Genome Study Reveals Family Ties in Bronze Age Greece

Genome Study Reveals Family Ties in Bronze Age Greece

Bronze Age family harvesting grain, as depicted by artist Nikola Nevenov.

If you wanted to hang on to your land in Bronze Age Greece, you could do worse than marry your cousin.

A team of international researchers analyzing the genomes of ancient human remains has discovered that, unlike in other European societies of the period, first cousins in Minoan Crete and Mycenaean Greece frequently married each other.

Experts from the Max Planck Institute for Evolutionary Anthropology in Leipzig, Germany, together with an international team of partners, analyzed more than 100 genomes of Bronze Age people from the Aegean.

The team behind the study, published Monday in the scientific journal, Nature Ecology & Evolution, say their findings provide “exciting insights” into the social order of the Aegean Bronze Age.

By analyzing the DNA of people buried in a tomb under the courtyard of a house in a Mycenaean hamlet,on the Greek mainland, the researchers managed to reconstruct the family tree of its inhabitants from the 16th century BCE.

I used DNA analysis to find my birth family and it sent me across three continents

Archaeologist Professor Philipp Stockhammer, one of the study’s lead authors, told CNN: “We wanted to have a look at how were people buried together genetically related and about what you can learn about the relevance of the genetic relativeness for the structure of society.”

“We managed to construct the first family pedigree for the Mediterranean.
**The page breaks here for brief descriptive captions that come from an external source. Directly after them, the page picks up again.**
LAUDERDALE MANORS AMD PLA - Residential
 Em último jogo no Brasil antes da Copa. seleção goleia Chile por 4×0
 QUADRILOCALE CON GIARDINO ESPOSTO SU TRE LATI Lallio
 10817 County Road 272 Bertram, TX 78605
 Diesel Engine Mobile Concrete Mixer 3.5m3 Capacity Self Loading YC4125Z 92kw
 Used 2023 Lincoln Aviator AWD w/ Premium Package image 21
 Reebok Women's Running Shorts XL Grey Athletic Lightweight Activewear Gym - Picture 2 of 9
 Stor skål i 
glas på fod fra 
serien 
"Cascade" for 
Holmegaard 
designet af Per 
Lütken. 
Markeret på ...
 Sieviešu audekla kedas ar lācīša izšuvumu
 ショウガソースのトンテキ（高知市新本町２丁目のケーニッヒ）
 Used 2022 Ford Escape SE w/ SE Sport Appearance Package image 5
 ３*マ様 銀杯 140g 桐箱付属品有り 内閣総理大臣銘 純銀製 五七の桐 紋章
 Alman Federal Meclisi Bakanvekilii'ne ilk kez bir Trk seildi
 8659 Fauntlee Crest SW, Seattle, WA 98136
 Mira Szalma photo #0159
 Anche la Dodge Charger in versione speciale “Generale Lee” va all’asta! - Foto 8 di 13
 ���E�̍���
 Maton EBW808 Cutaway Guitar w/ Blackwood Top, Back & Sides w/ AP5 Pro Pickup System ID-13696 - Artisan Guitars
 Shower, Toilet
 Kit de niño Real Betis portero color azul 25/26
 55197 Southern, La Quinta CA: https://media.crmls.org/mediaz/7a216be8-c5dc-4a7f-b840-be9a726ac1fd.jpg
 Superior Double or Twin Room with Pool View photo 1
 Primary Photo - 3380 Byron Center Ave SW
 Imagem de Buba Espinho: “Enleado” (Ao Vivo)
We can see who lived together in this house from looking at who was buried outside in the courtyard.

“We could see, for example, that the three sons lived as adults in this house. One of the marriage partners brought her sister and a child. It’s a very complex group of people living together.”

Even more surprising was the discovery that around half of those living on the islands married their cousins, while the proportion on the mainland was about a third.

“It’s not 100%, but not everybody has a cousin,” Stockhammer said.

“People have studied thousands of ancestral genomes and there’s hardly any evidence for societies in the past of cousin-cousin marriage. From a historical perspective this really is outstanding,” he added.

Stockhammer and his colleagues believe such unions were down to economics, to prevent family land from being divided.

He explained: “All of the driving force is to unite the land within the family. If you look at what people were growing, it was grapes and also olives for olive oil, but both grapes and olives might need to be at a certain place for decades.

“If you marry in your family it means that you focus on staying in the same area.”

He said that, by contrast, in other parts of Bronze Age Europe, women often traveled hundreds of miles in order to marry. Resources in those areas would have been more plentiful, he explained.

“In Greece, there’s not much space to grow things and things that you plant need decades to grow,” he said.

“We can completely see the cousin to cousin marriage from the genomic evidence. It’s too many people doing it to say it’s pure chance – but it isn’t 100%. I would say it was quite a strict practice.

“It’s an unwritten rule because everyone has done it.”

Stockhammer explained the significance of the discovery, saying: “With this knowledge we are basically forced to rethink the social organizations in this period and societies that were behind these amazing works of art and architecture.

“It’s a society where we have written records about palace administrations but we are now able to say something about the normal people.”